:: Records excerpted from a collection ::
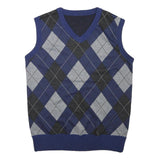 Mens Blue Grey Black Argyle Sleeveless Patterned V-Neck Basic Knit M Jumper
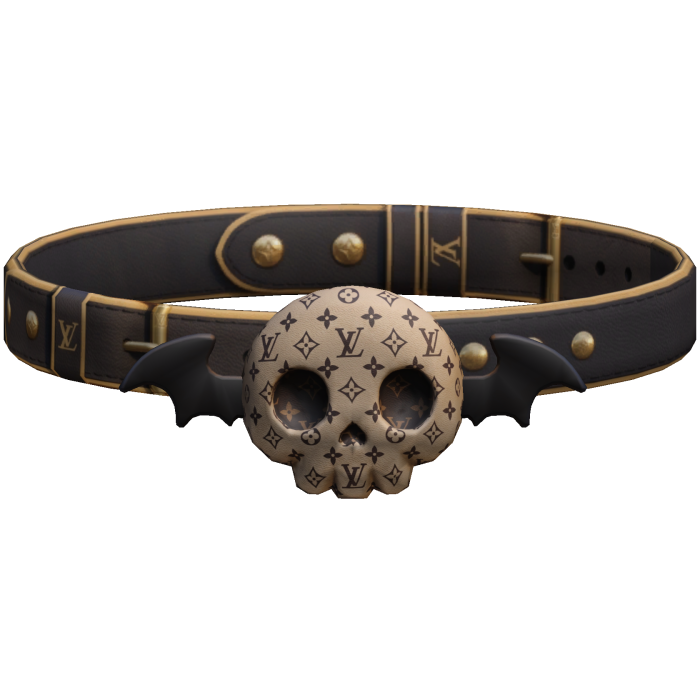 LV skull bat halloween thick choker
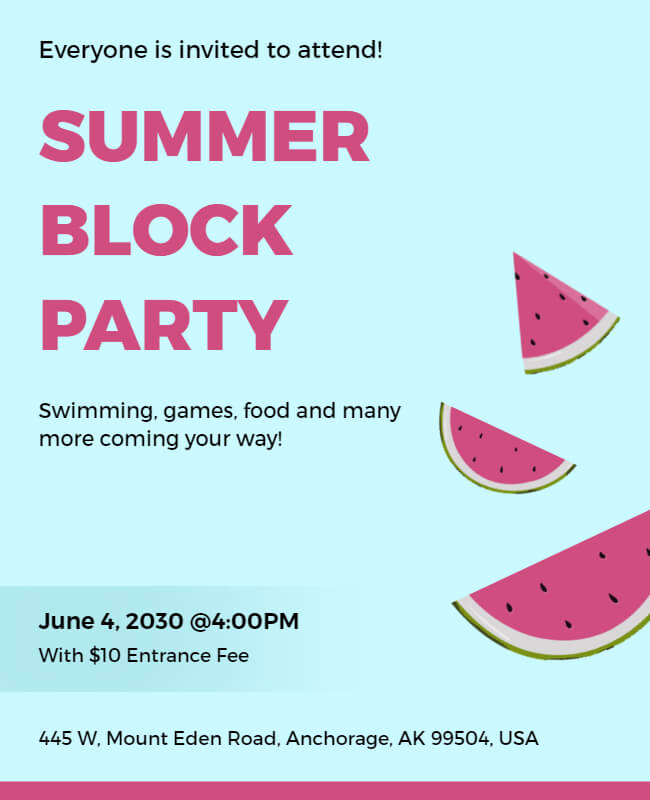Summer Block Party Flyer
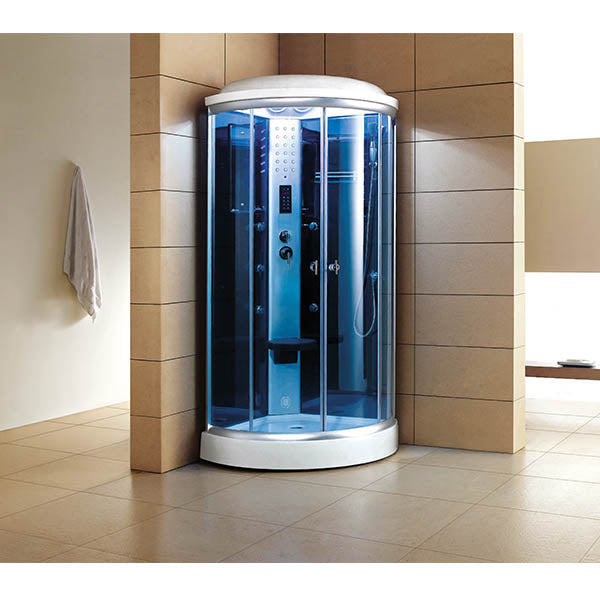 Mesa 9090K Corner Steam Shower tinted blue glass and a nickel interior control panel, chrome trim with a fold-up seat, adjustable handheld shower head, FM Radio Built-In, storage shelves and an overhead LED lighting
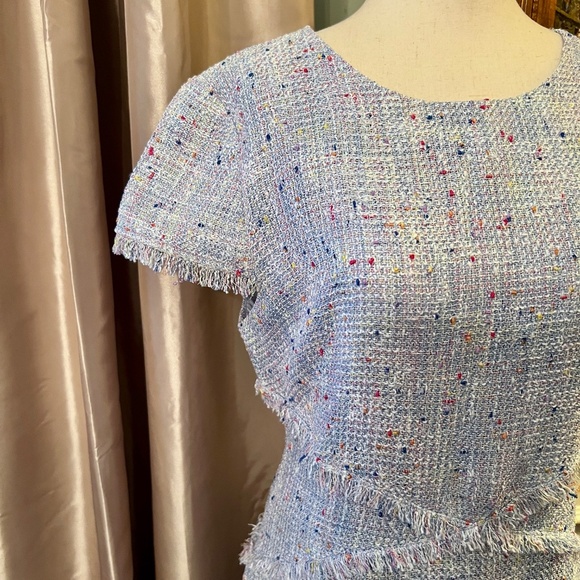 NWOT Eliza J Light Blue Tweed Sheath Dress Eyelash Fringe Trim Size 12 - Picture 9 of 11
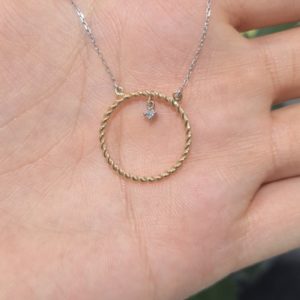 0,02 Karat Pırlanta Tektaş Tasarım Kolye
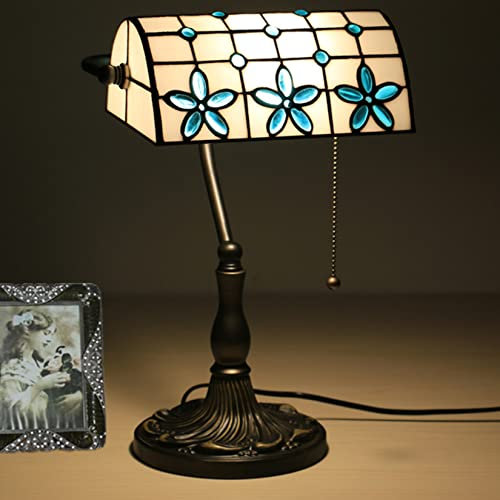 AIBOTY Banker Lampe Tiffany Lampe Kristallperlen Buntglas Lampe Schlafzimmer Nachttisch Büro Lesepult Klavier Lampe Lotus Legierung Basis Zug Kette Schalter Geburtstag, 10X15in,Y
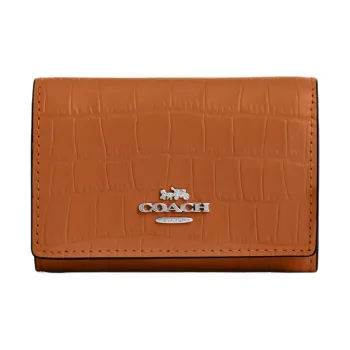 COACH Micro Crocodile Pattern Embossed Leather Wallet Mini Women's Washable Orange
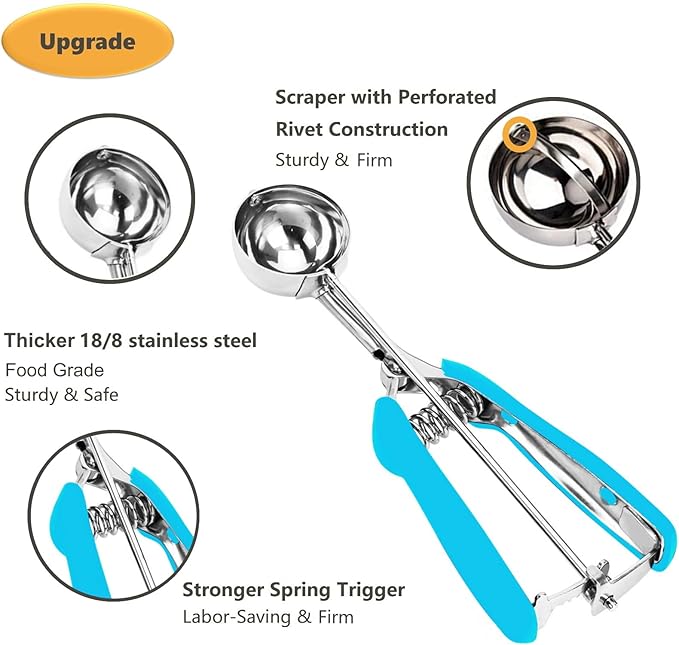 Cookie Scoop, Ice Cream Scoop, 1.5 Tbsp/ 23ml/ 0.7 oz Cookie Scoops for Baking, 18/8 Stainless Steel Cookie Scooper for Baking, Cookie Dough Scoop, Ice Cream Scooper with Trigger Release (Blue)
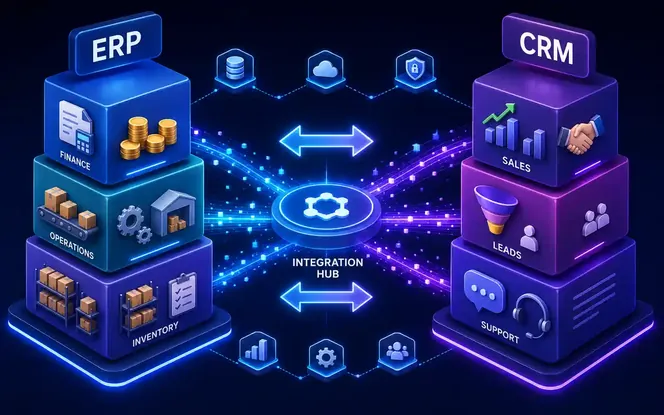 ERP CRM integration connecting sales finance operations and customer data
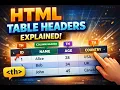 Unlock HTML Table Headers in Minutes Make Your Tables Look PRO Table Headers Head of Table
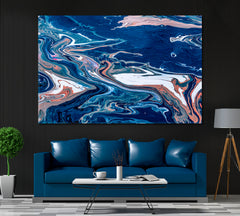 Blue Acrylic Liquid Marble Design Canvas Print ArtLexy 1 Panel 24"x16" inches 
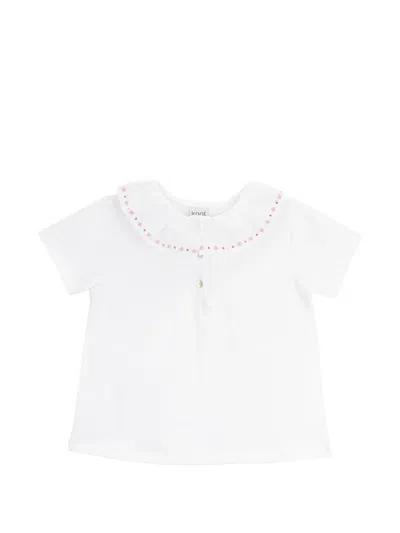 Knot Kids' Constance Ruffled-collar Polo Shirt In White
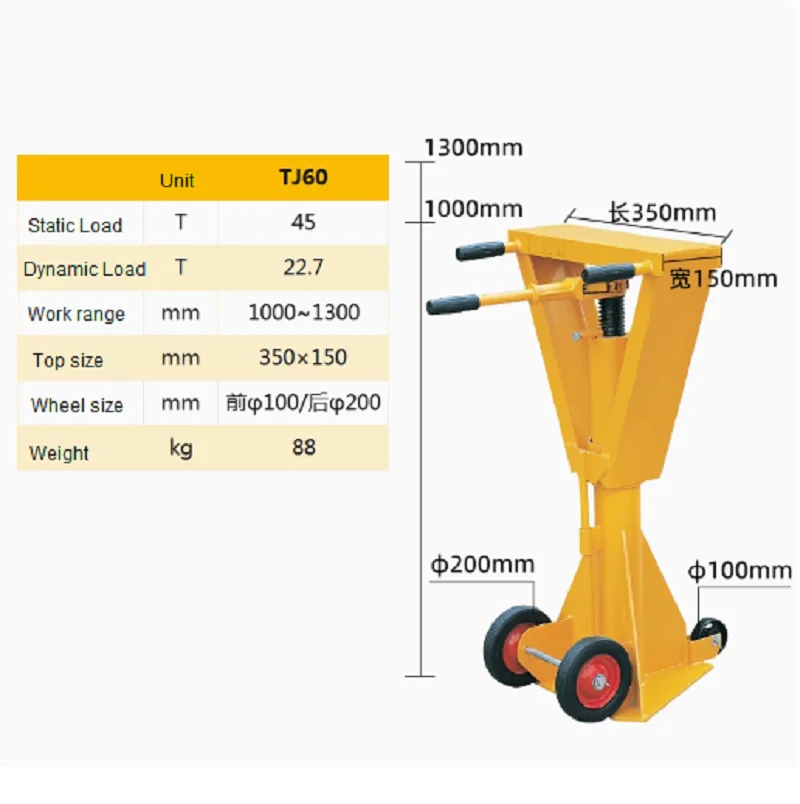 22.7TON--45Ton Mechanical spiral hydraulic jack, truck trailer, container support, fixed bracket, heavy-duty truck
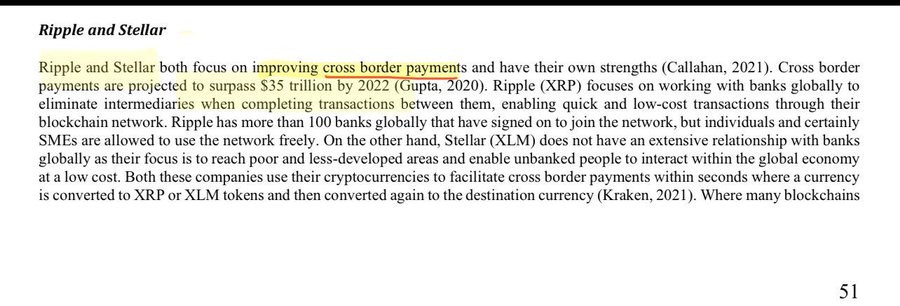 xtrpq quadrillions in red are written next to a table with numbers about Ripple and XLM.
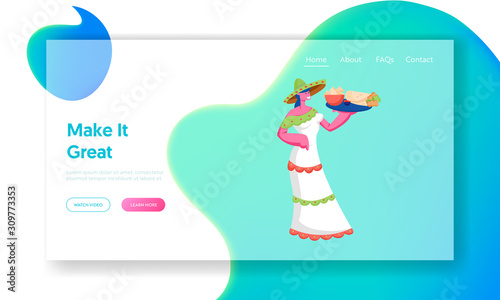 Authentic Restaurant Staff Presenting Mexican Food Menu Website Landing Page. Woman Wearing Sombrero and Traditional Dress Holding Tray with Taco Web Page Banner. Cartoon Flat Vector Illustration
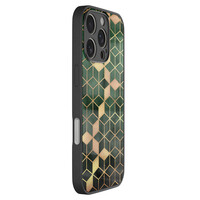 Leuke Telefoonhoesjes iPhone 16 Pro hoesje glas - Kubus groen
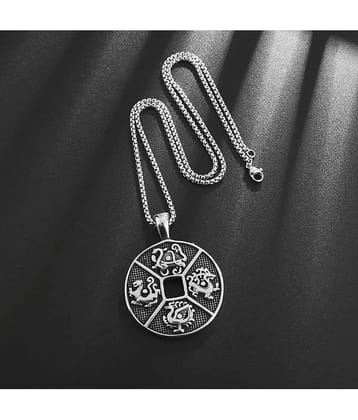 Fashion Frill Silver Chain For Men Retro Four Divine Beasts Stainless Steel Pendant Necklace For Men Boys Love Gifts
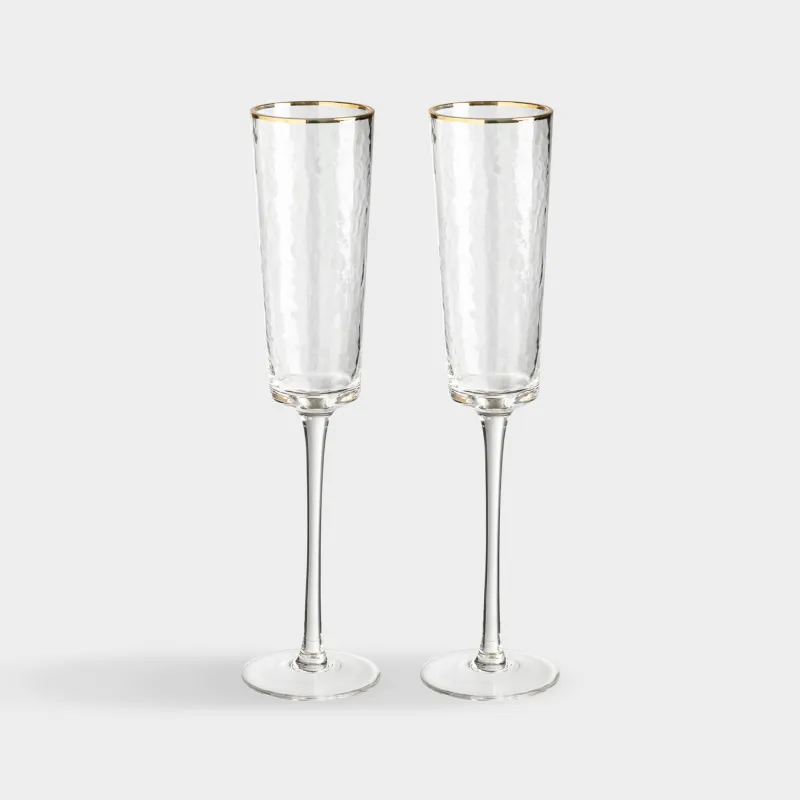 Drinking glass, 160 ml, 2 pcs, glass, with golden edging, Ripply gold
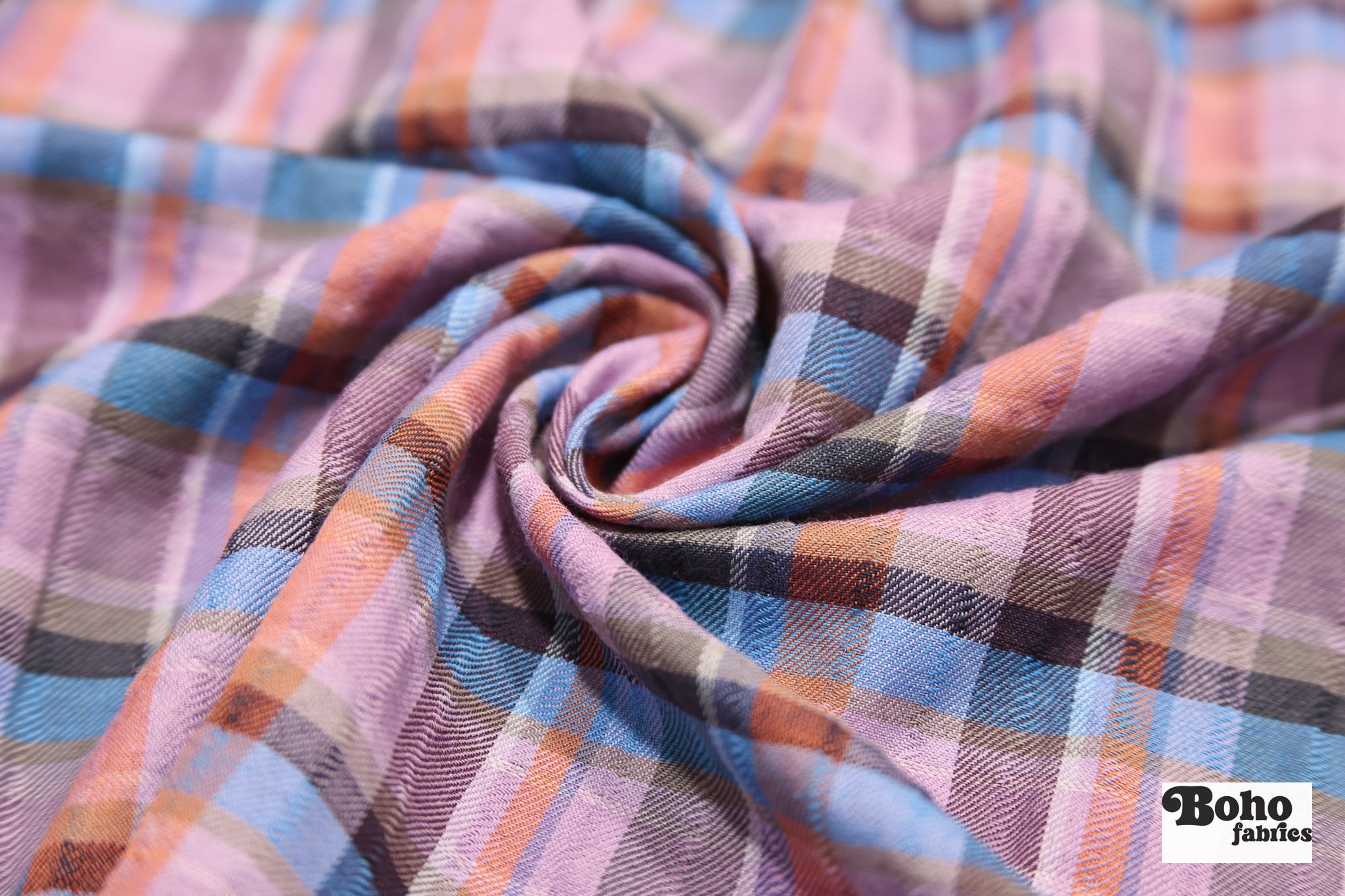Purple, Blue & Orange Plaid Woven Fabric - Boho Fabrics - Woven Fabric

:: TASK STATEMENT ::
Starting with the first line of the data, transcribe every line exactly through the one containing "0,02 Karat Pırlanta Tektaş Tasarım Kolye". No pictures go in.

:: RESPONSE TO THE EXERCISE ::
 Mens Blue Grey Black Argyle Sleeveless Patterned V-Neck Basic Knit M Jumper
 LV skull bat halloween thick choker
Summer Block Party Flyer
 Mesa 9090K Corner Steam Shower tinted blue glass and a nickel interior control panel, chrome trim with a fold-up seat, adjustable handheld shower head, FM Radio Built-In, storage shelves and an overhead LED lighting
 NWOT Eliza J Light Blue Tweed Sheath Dress Eyelash Fringe Trim Size 12 - Picture 9 of 11
 0,02 Karat Pırlanta Tektaş Tasarım Kolye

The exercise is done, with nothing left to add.